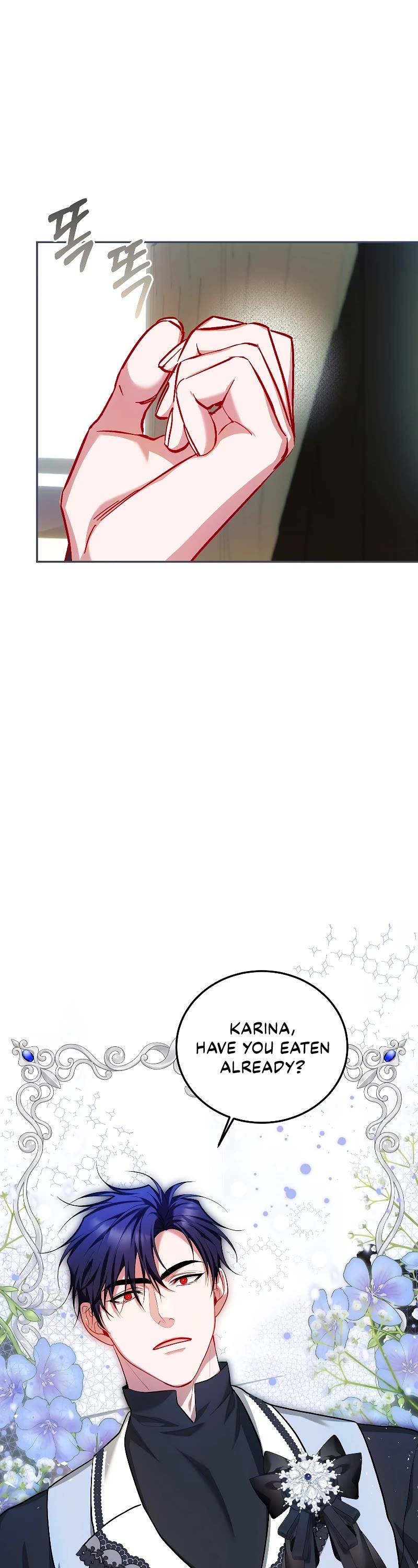 The Time of the Terminally-ill Extra Chapter 63 page 11 - Chapter 63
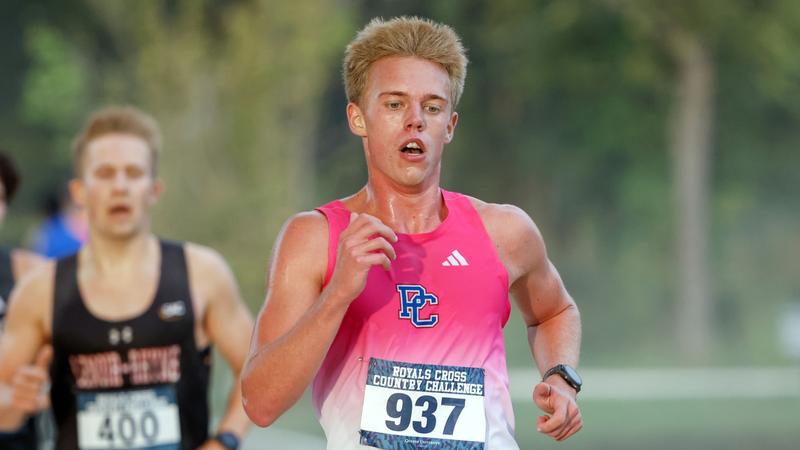 Jude Rutherford Rack Adidas / Game One Student-Athlete of the Week: Jude Rutherford ...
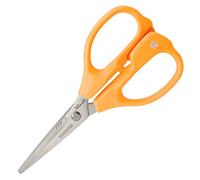 Versatile High performance Scissors (kevlar Capable), multifunzione, made in Japan. Engineer ph-56 (giallo)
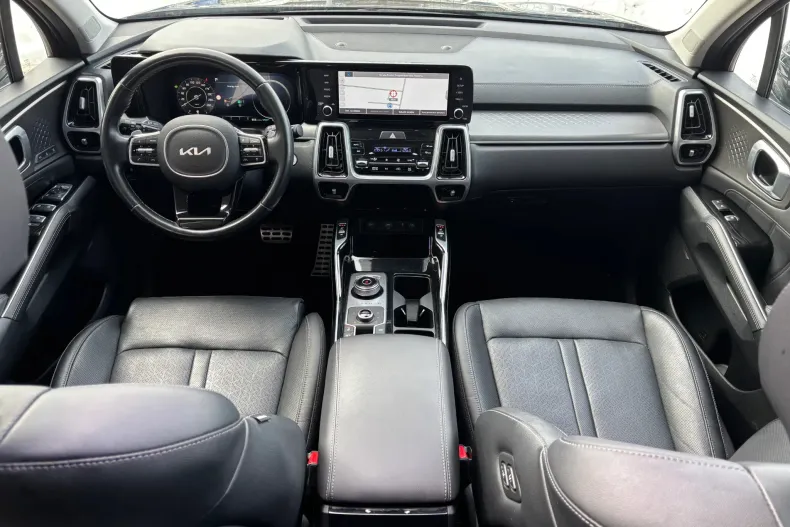 Kia Sorento din 2022 cu 166.000 km - oferta KIA193004 - foto 4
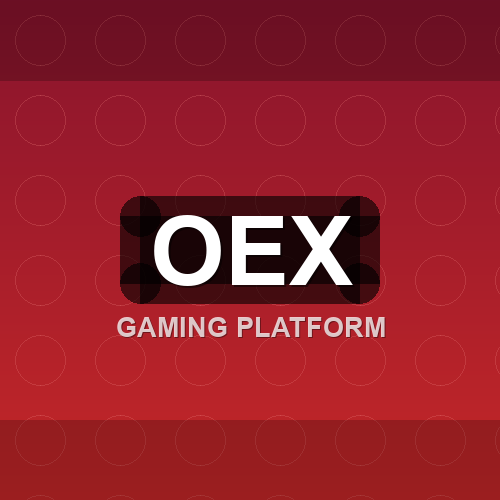 oex logo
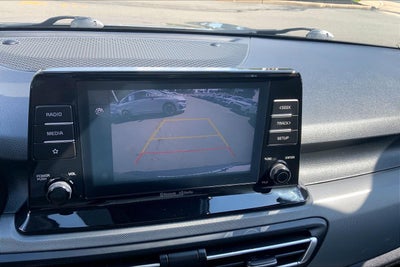 2023 Kia Seltos LX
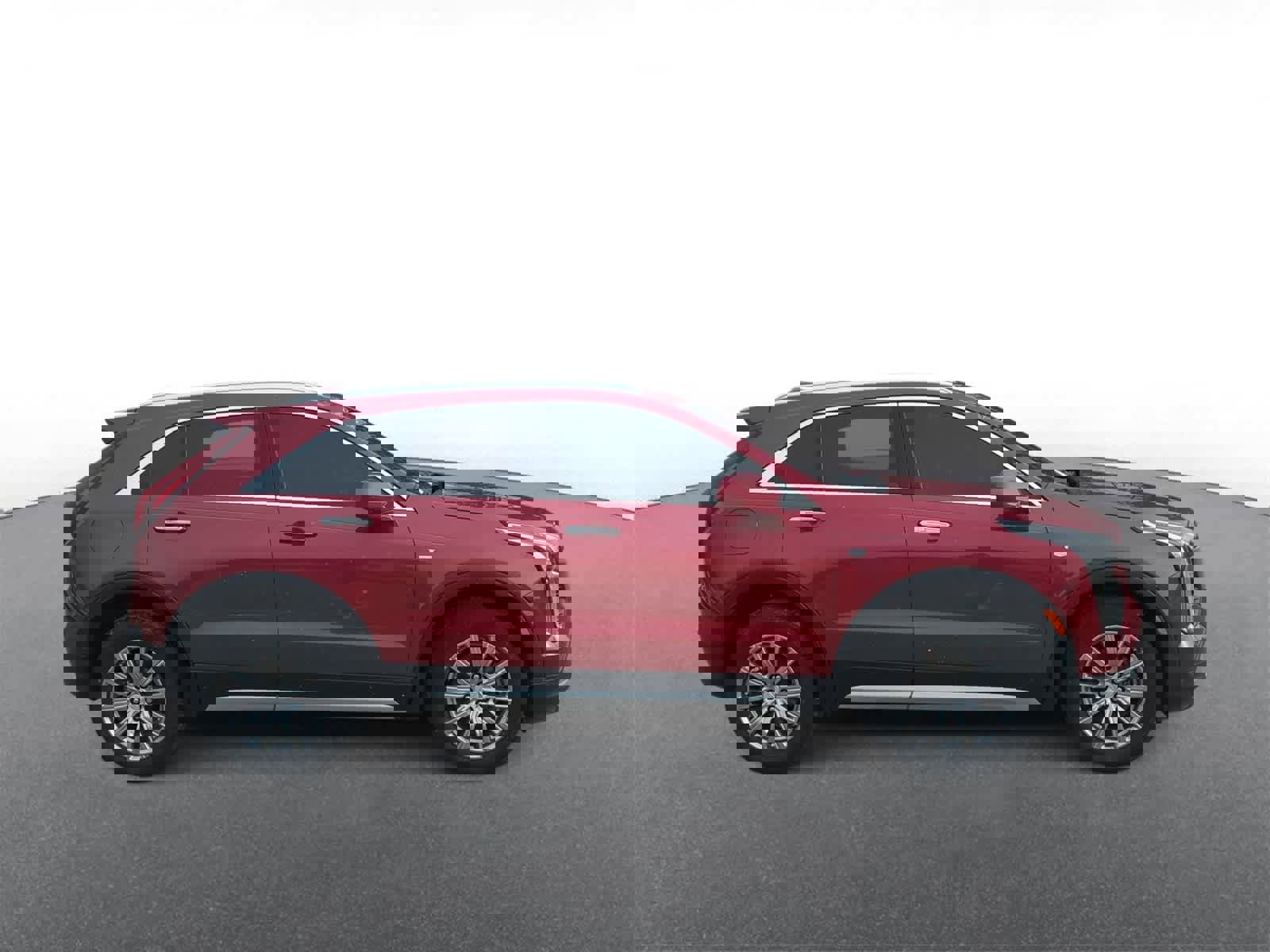 Used 2019 Cadillac XT4 Premium Luxury image 9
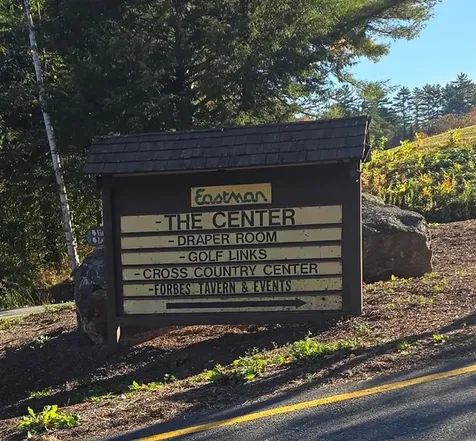 64 Troon Drive Grantham NH 03753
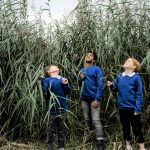 FREE NATURE-CONNECTION PROGRAMME FOR SCHOOLS 56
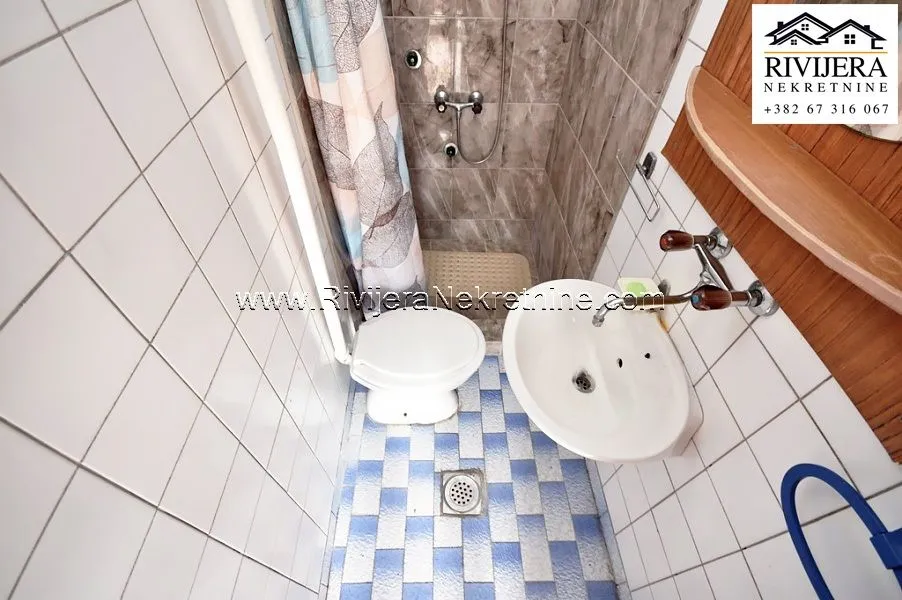 Prodaja, kuća, 405m², Bijela, Herceg Novi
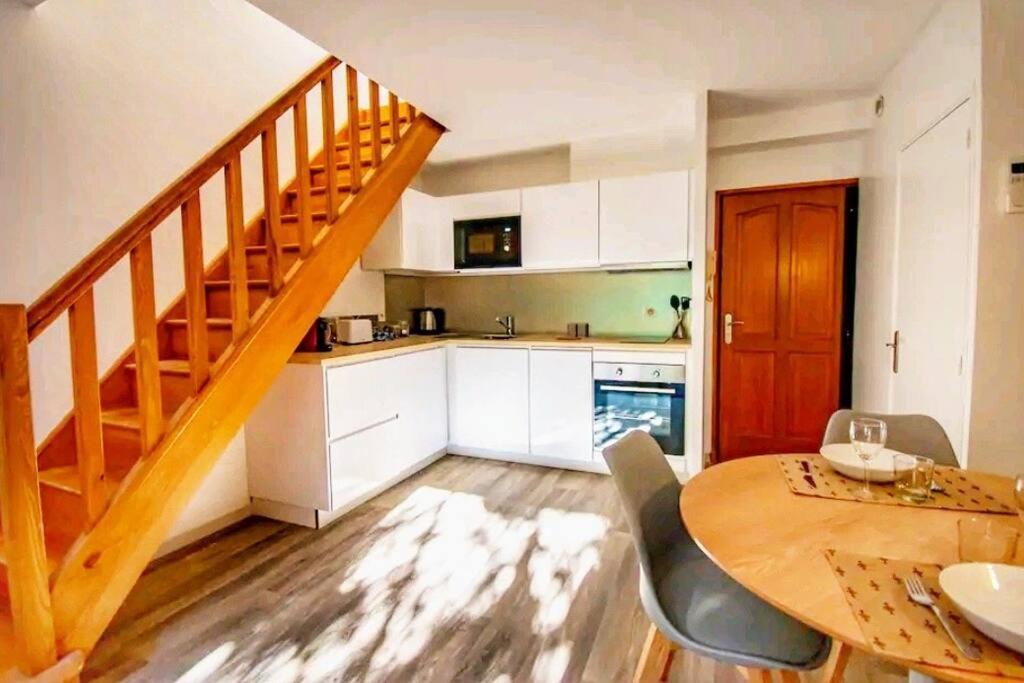 Appartamento Les Quatre Loges N°1 Aix-en-Provence Esterno foto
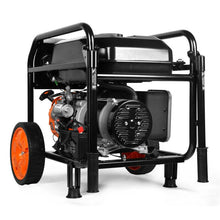 Load image into Gallery viewer, Air Filter Box For Wen GN5602X 5600 Watts Generator 224cc
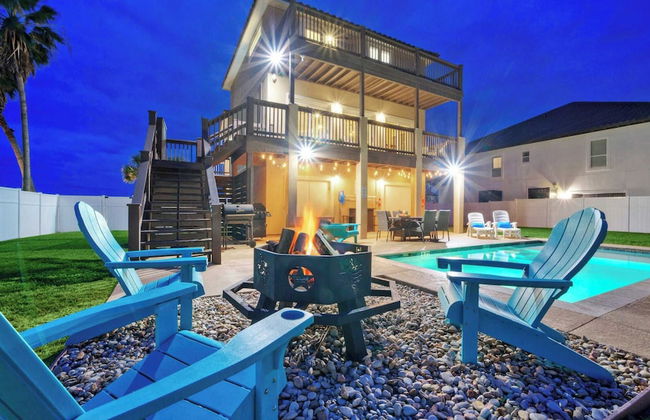 Boots & Beaches Avantstay Golf Cart Access, Brd Walk - Foto 49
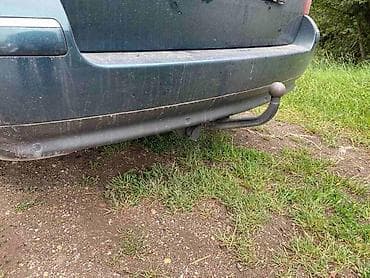 slavina za gorivo tomos automatik: PASSAT B5.5 1.9 TDI SERVO ZA VOLKSWAGEN PASSAT B5.5 | Passat B5.5 — 4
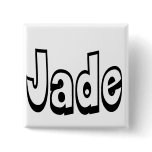 Jade Buttons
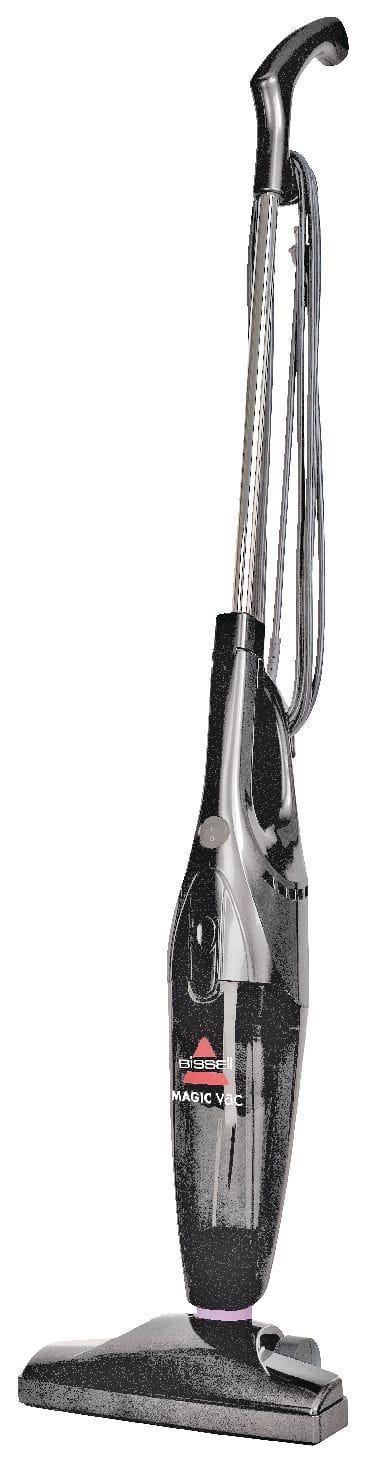 Bissell magic shop stick vacuum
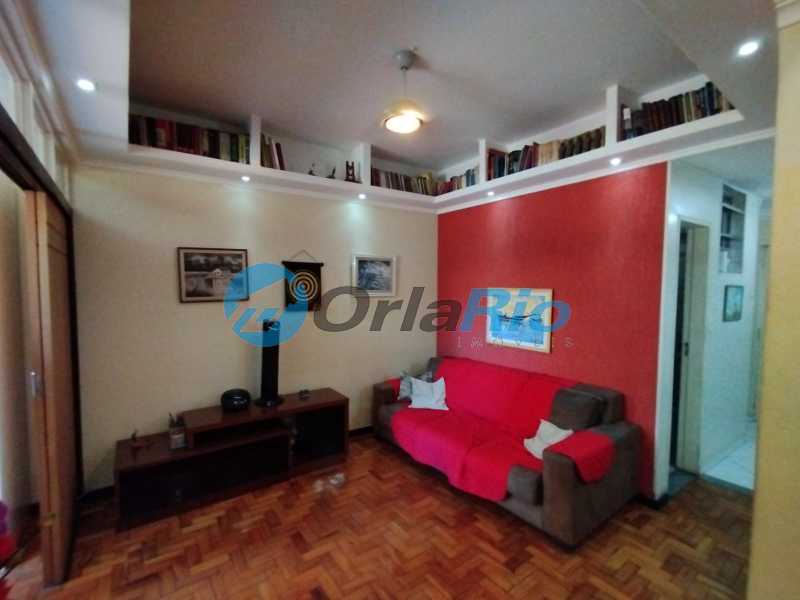 Apartamento à venda com 2 quartos, 66m² - Foto 8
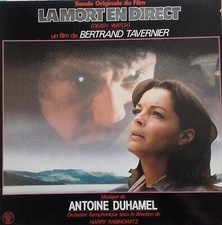 LP 33 RPM (12") B-O-F Antoine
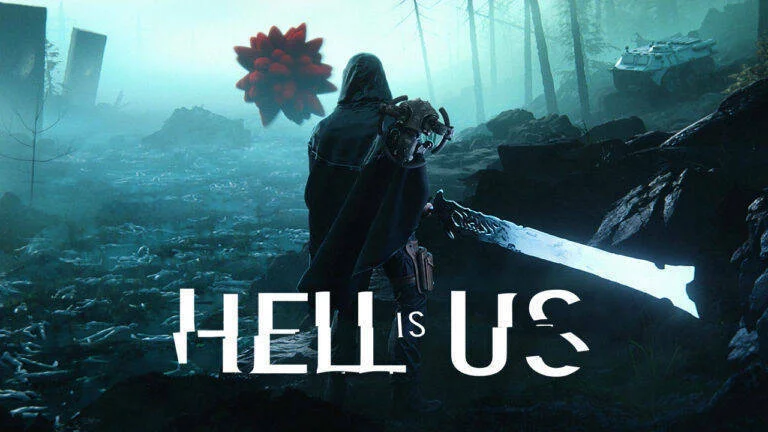 Nacon oznamuje akční adventuru HELL is US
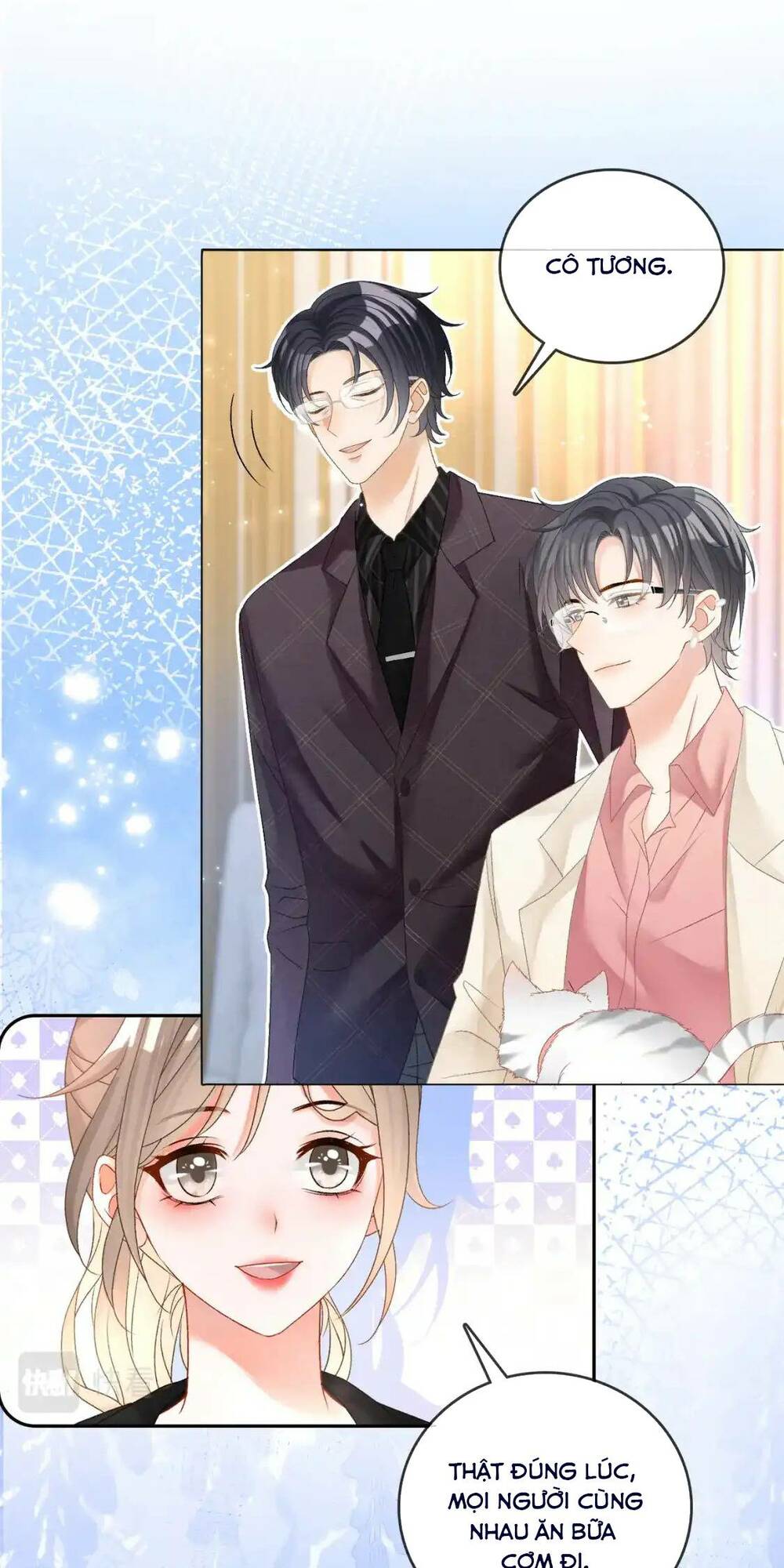 Cô Ấy Ngày Nào Cũng Lên Hot Search! Chapter 80 - Trang 2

• WORK TO BE COMPLETED:
Pictures should be omitted. Please return exactly the lines from the line that holds "Apartamento à venda" through the end of the records.

• EXERCISE RESPONSE:
 Apartamento à venda com 2 quartos, 66m² - Foto 8
 LP 33 RPM (12") B-O-F Antoine
 Nacon oznamuje akční adventuru HELL is US
 Cô Ấy Ngày Nào Cũng Lên Hot Search! Chapter 80 - Trang 2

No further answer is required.